Qualities of a programming language

A programming language is the medium through which an intent (software design) is expressed (program development), acted upon (program execution), and reasoned about (verification). It would be a mistake to argue that, with sufficient dedication, effort, time and cleverness, good software can be written in any programming language. Although this may be true in principle, in reality, the choice of an adequate programming language can be the deciding factor between software that works and software that does not, or even cannot be developed at all.

We believe, in particular, that it is crucial for a programming language to be safe, expressive, to encourage modularity, and to have a simple, well-defined semantics.

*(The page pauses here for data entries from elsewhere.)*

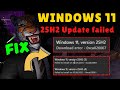 Windows 11 25H2 update failed install error Fix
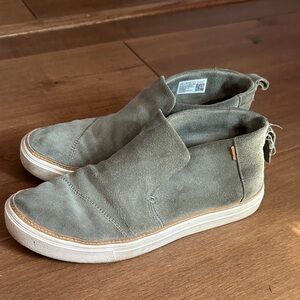 Toms Olive Green Suede Women's Slip On Sneakers
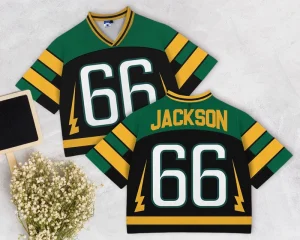 Custom Retro Polyester Football Cropped Jersey Streetwear Oversized American Mesh Jersey Football Men’s Crop Top For Men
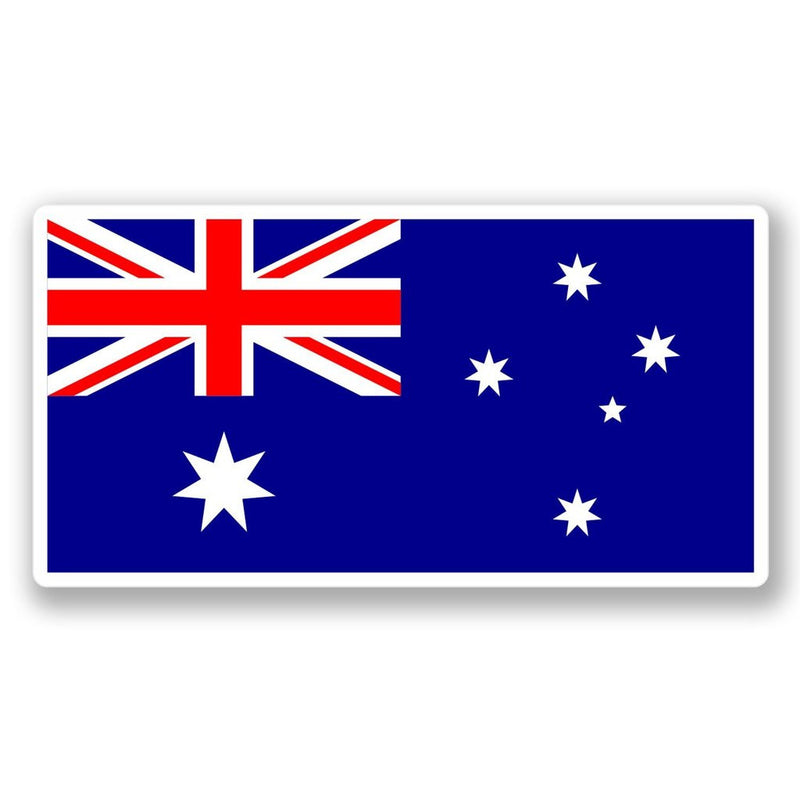2 x Australia Flag Vinyl Sticker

The safety of a programming language is usually achieved via a combination of design decisions, compile-time type-checking, and runtime checking. As an example design decision, memory deallocation, a dangerous operation, can be placed outside of the programmer's control. As an example of compile-time type-checking, attempting to use an integer as if it were a pointer can be considered a type error; a program that attempts to do this is then rejected by the compiler before it is executed. Finally, as an example of runtime checking, attempting to access an array outside of its bounds can be considered a runtime error: if a program attempts to do this, then its execution is aborted.

Type-checking can be viewed as an automated means of establishing certain correctness properties of programs. Thus, type-checking is a form of “lightweight formal methods” that provides weak guarantees but whose burden seems acceptable to most programmers. However, type-checking is more than just a program analysis that detects a class of programming errors at compile time. Indeed, types offer a language in which the interaction between one program component and the rest of the program can be formally described. Thus, they can be used to express a high-level description of the service provided by this component (i.e., its API), independently of its implementation. At the same time, they protect this component against misuse by other components. In short, “type structure is a syntactic discipline for enforcing levels of abstraction”. In other words, types offer basic support for expressiveness and modularity, as described above.

For this reason, types play a central role in programming language design. They have been and remain a fundamental research topic in our group. More generally, the design of new programming languages and new type systems and the proof of their safety has been and remains an important theme. The continued evolution of OCaml, as well as the design and formalization of Mezzo [2], are examples.